■ What the exercise asks: Every entry below is to be copied word for word, with its pictures removed.

Image-text web data:
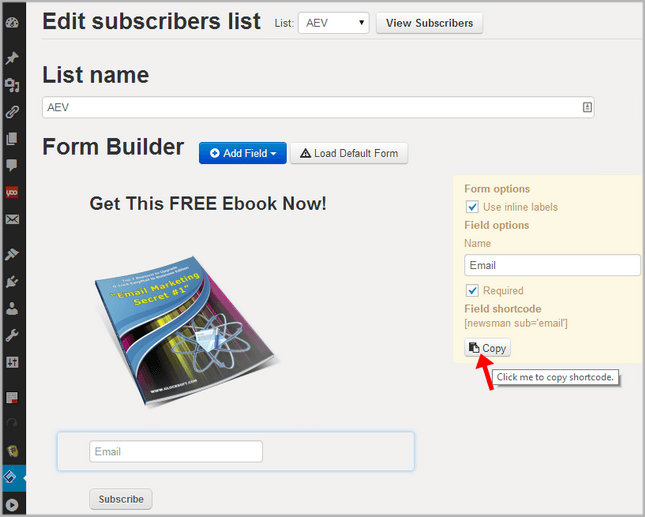 copy shortcode in the optin form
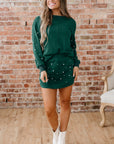 Pearl Embellished Pullover and Mini Skirt Set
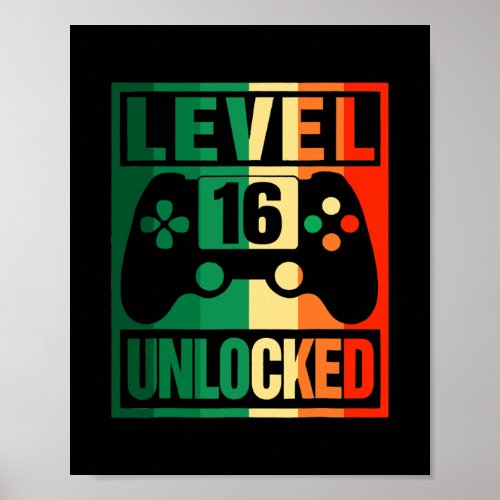 Level 16 Unlocked Funny Video Game Boys 16th Poster
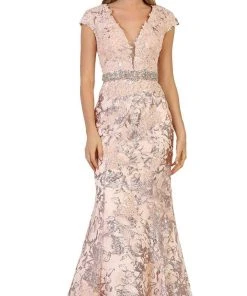 May Queen - Floral Appliqued Deep V-neck Mermaid Mother Of The Bride Gown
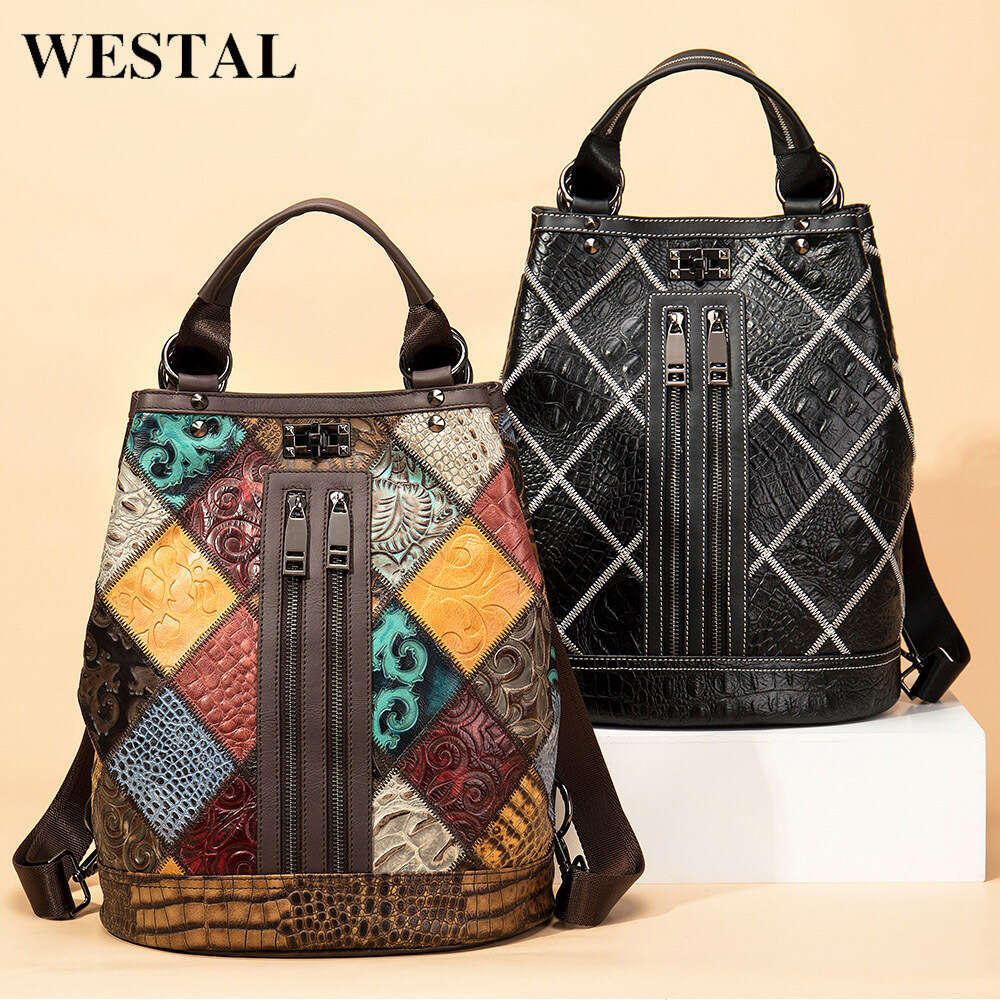 Chinese National Style Vintage Women Leather Backpack Large Capacity Cowhide Patchwork Bucket Bag Fashion Travel Backpack Wholesale SENYY
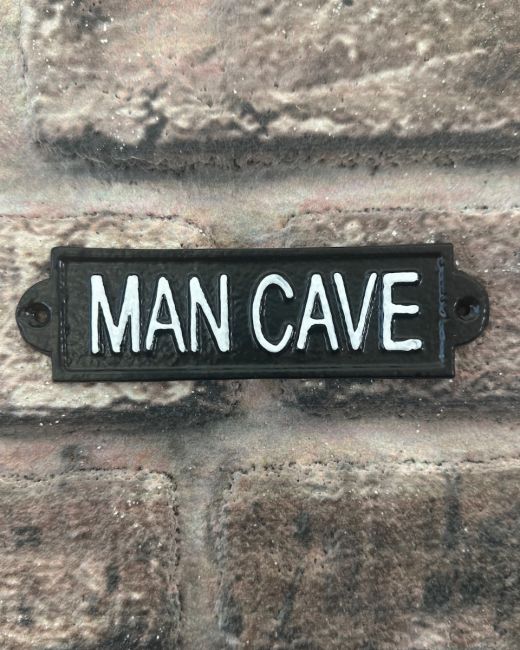 "Man Cave" Traditional Cast Iron Wall Sign in black and white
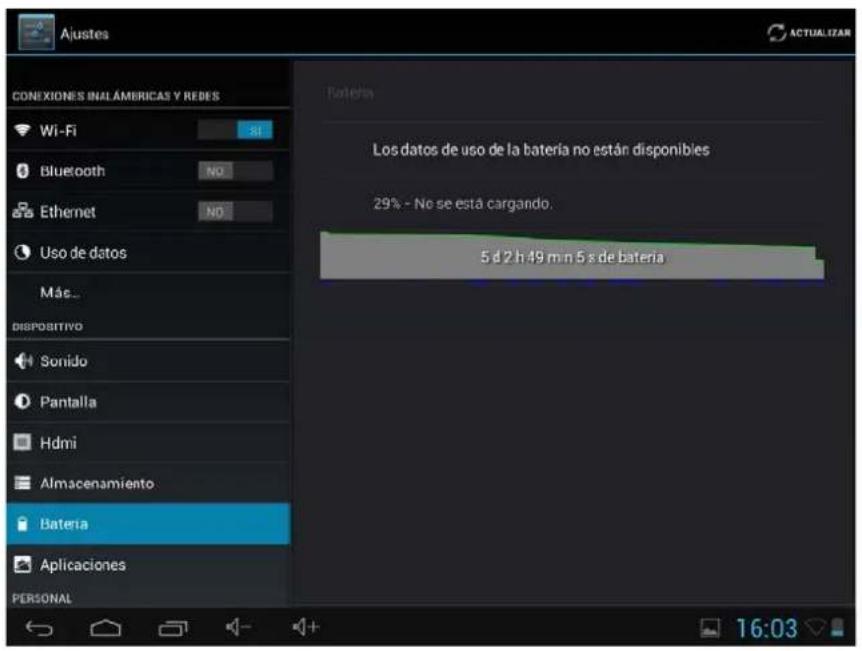 Ajustes CONEXIONES INAL AMERICAS Y REDES Wi-Fi Bluetooth Ethernet Uso de datos Más... DISPOSITIVO Sonido Pantalla Hdmi Almacenamiento Bateria Aplicaciones PERSONAL Bateria Los datos de uso de la batería no están disponibles 29% - No se está cargando. 5 d 2 h 49 m n 5 s de batería 16:03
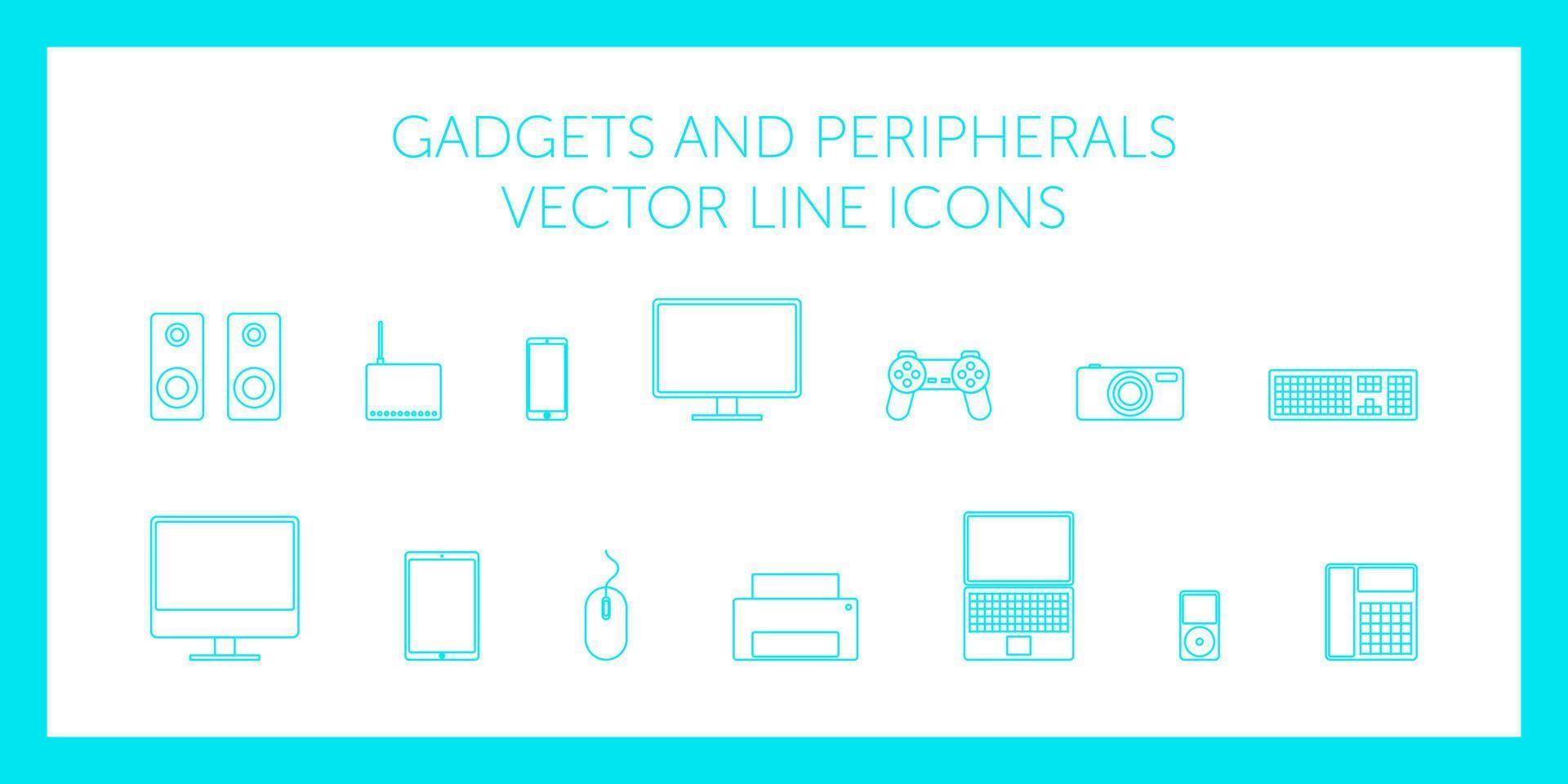 Vektorliniensymbole für Gadgets und Peripheriegeräte vektor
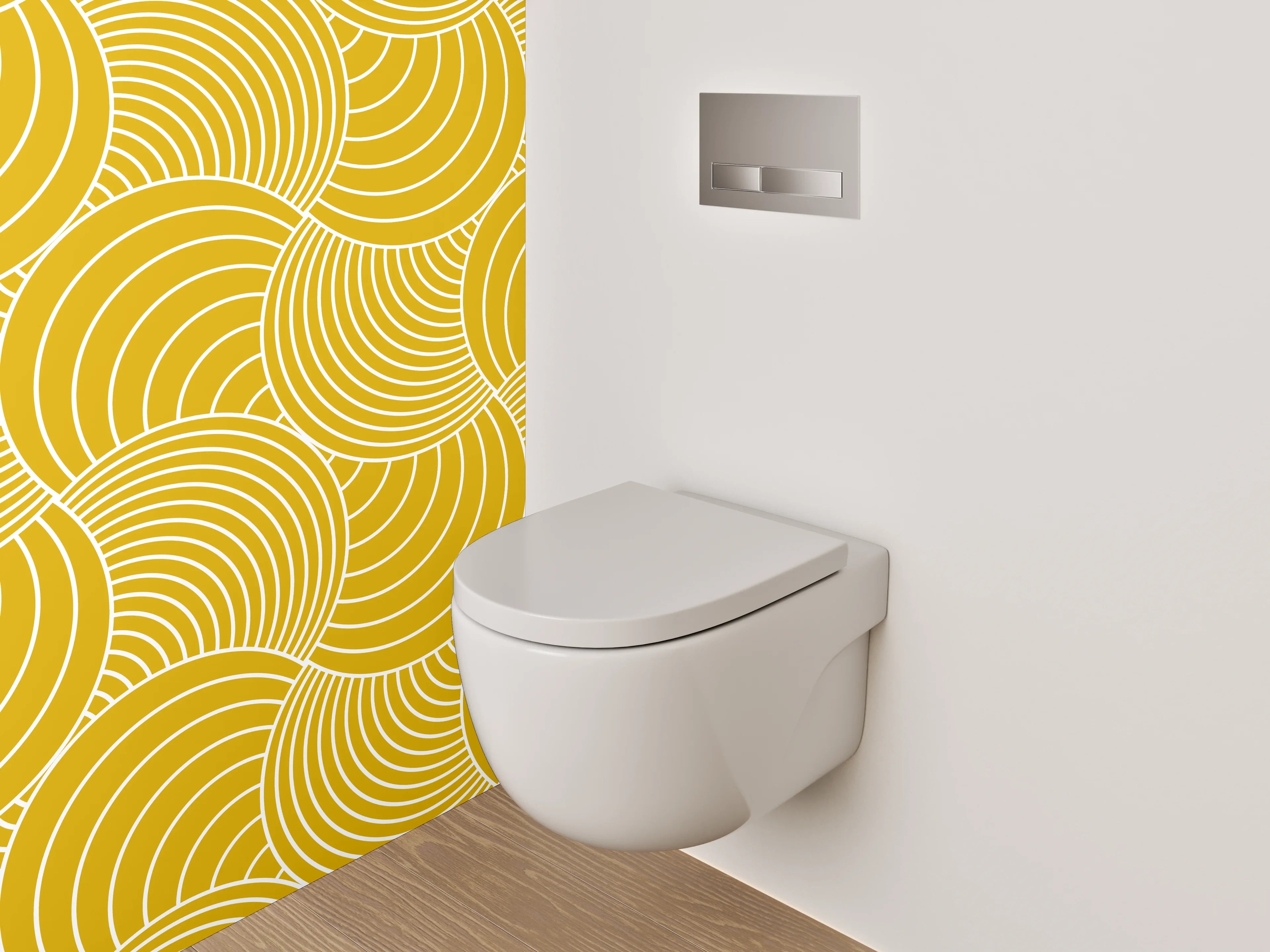 WC-Rückwand - Japanisches Wellenmuster senfgelb Dekor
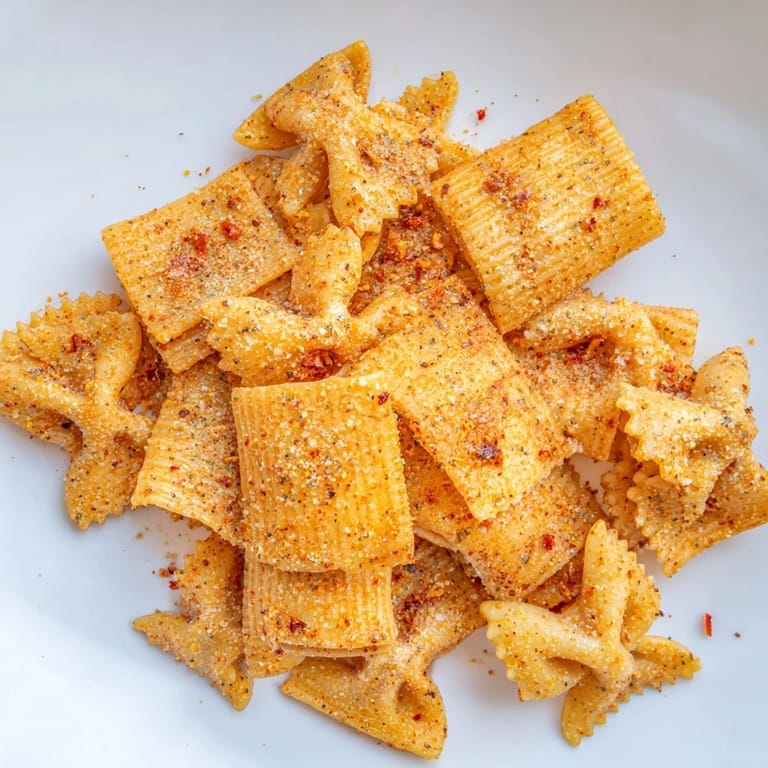 Oven-baked pasta chips seasoned variety, perfect for dipping in creamy hummus.  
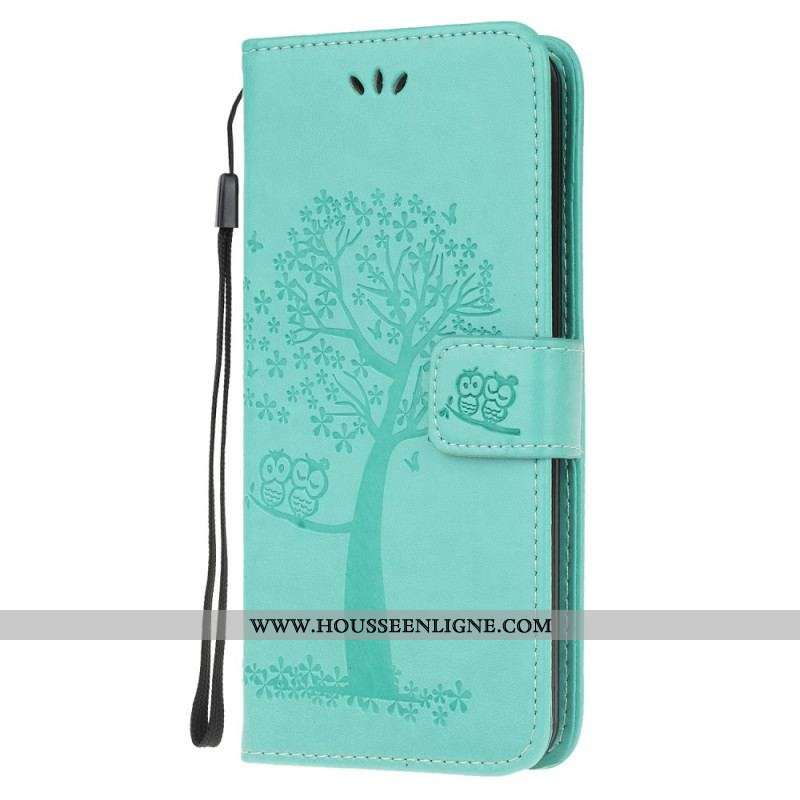 Housse Samsung Galaxy M32 Arbre et Hiboux à Lanière
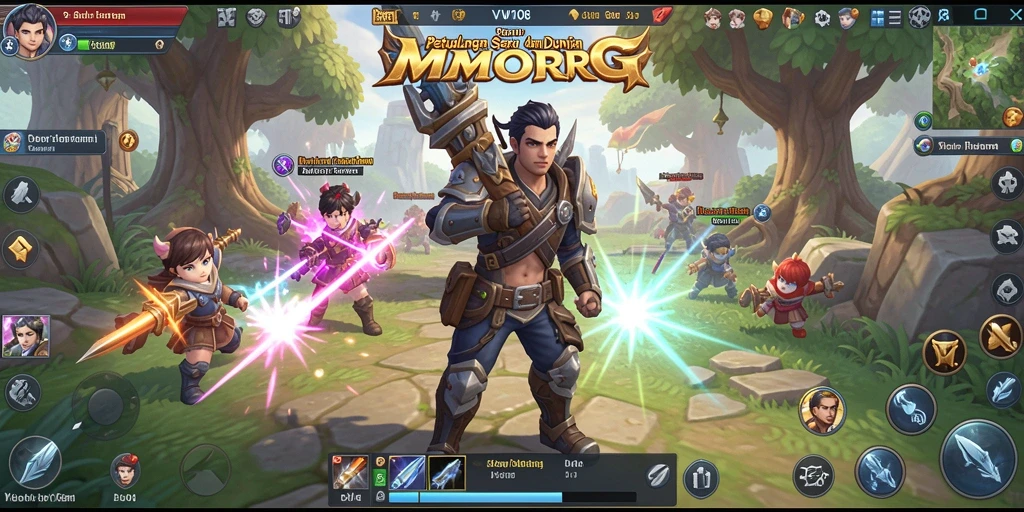Screenshot utama VW108 menampilkan aksi seru di dunia MMORPG.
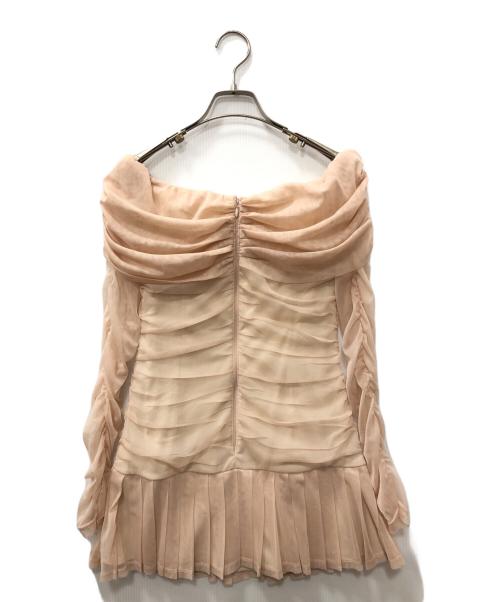 M ME EME（エムミーエメ）M ME EME (エムミーエメ) Luminous tulle ribbon drape mini onepiece ピンク サイズ:FREEの古着・服飾アイテム
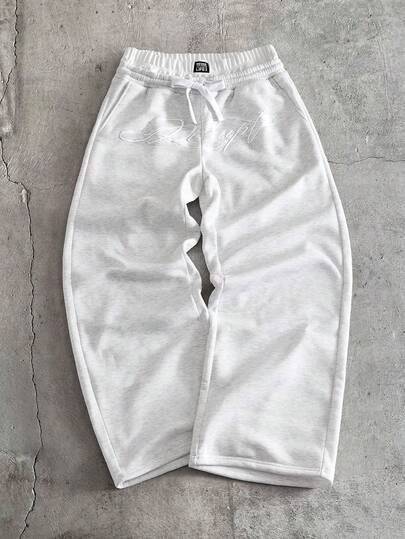 AXEPEAK Men's Letter Print Drawstring Waist Pockets Casual Everyday Sweatpants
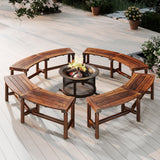 Patio Curved Bench Solid Wood Fire Pit Bench Outdoor Backless Loveseat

■ Answer to the problem:
 copy shortcode in the optin form
 Pearl Embellished Pullover and Mini Skirt Set
 Level 16 Unlocked Funny Video Game Boys 16th Poster
 May Queen - Floral Appliqued Deep V-neck Mermaid Mother Of The Bride Gown
 Chinese National Style Vintage Women Leather Backpack Large Capacity Cowhide Patchwork Bucket Bag Fashion Travel Backpack Wholesale SENYY
 "Man Cave" Traditional Cast Iron Wall Sign in black and white
 Ajustes CONEXIONES INAL AMERICAS Y REDES Wi-Fi Bluetooth Ethernet Uso de datos Más... DISPOSITIVO Sonido Pantalla Hdmi Almacenamiento Bateria Aplicaciones PERSONAL Bateria Los datos de uso de la batería no están disponibles 29% - No se está cargando. 5 d 2 h 49 m n 5 s de batería 16:03
 Vektorliniensymbole für Gadgets und Peripheriegeräte vektor
 WC-Rückwand - Japanisches Wellenmuster senfgelb Dekor
 Oven-baked pasta chips seasoned variety, perfect for dipping in creamy hummus.  
 Housse Samsung Galaxy M32 Arbre et Hiboux à Lanière
Screenshot utama VW108 menampilkan aksi seru di dunia MMORPG.
 M ME EME（エムミーエメ）M ME EME (エムミーエメ) Luminous tulle ribbon drape mini onepiece ピンク サイズ:FREEの古着・服飾アイテム
 AXEPEAK Men's Letter Print Drawstring Waist Pockets Casual Everyday Sweatpants
 Patio Curved Bench Solid Wood Fire Pit Bench Outdoor Backless Loveseat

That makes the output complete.